# [Supplied material]
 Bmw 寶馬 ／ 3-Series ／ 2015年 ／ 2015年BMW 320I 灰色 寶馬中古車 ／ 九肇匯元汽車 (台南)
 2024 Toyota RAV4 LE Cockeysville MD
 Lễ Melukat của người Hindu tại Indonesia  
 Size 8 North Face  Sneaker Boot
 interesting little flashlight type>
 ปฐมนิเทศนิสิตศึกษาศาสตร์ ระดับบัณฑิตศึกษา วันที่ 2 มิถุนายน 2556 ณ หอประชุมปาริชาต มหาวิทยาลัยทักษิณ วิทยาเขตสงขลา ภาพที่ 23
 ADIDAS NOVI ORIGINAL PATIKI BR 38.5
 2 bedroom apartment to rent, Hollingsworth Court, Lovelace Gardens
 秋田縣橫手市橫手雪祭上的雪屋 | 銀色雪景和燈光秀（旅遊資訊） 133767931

# [Activity]
Whatever the material above holds, copy it over exactly, line by line.

# [Output below]
 Bmw 寶馬 ／ 3-Series ／ 2015年 ／ 2015年BMW 320I 灰色 寶馬中古車 ／ 九肇匯元汽車 (台南)
 2024 Toyota RAV4 LE Cockeysville MD
 Lễ Melukat của người Hindu tại Indonesia  
 Size 8 North Face  Sneaker Boot
 interesting little flashlight type>
 ปฐมนิเทศนิสิตศึกษาศาสตร์ ระดับบัณฑิตศึกษา วันที่ 2 มิถุนายน 2556 ณ หอประชุมปาริชาต มหาวิทยาลัยทักษิณ วิทยาเขตสงขลา ภาพที่ 23
 ADIDAS NOVI ORIGINAL PATIKI BR 38.5
 2 bedroom apartment to rent, Hollingsworth Court, Lovelace Gardens
 秋田縣橫手市橫手雪祭上的雪屋 | 銀色雪景和燈光秀（旅遊資訊） 133767931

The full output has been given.